### DIRECTIONS FOR THIS TASK
Give the records again, every one, exactly.
◇ ◇ ◇ ◇ ◇
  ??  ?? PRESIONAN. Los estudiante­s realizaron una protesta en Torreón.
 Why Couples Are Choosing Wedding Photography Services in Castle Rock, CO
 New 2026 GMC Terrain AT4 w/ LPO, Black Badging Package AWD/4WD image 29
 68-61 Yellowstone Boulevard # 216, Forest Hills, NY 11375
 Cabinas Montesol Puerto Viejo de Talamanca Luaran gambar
◇ ◇ ◇ ◇ ◇
### RESPONSE AREA
  ??  ?? PRESIONAN. Los estudiante­s realizaron una protesta en Torreón.
 Why Couples Are Choosing Wedding Photography Services in Castle Rock, CO
 New 2026 GMC Terrain AT4 w/ LPO, Black Badging Package AWD/4WD image 29
 68-61 Yellowstone Boulevard # 216, Forest Hills, NY 11375
 Cabinas Montesol Puerto Viejo de Talamanca Luaran gambar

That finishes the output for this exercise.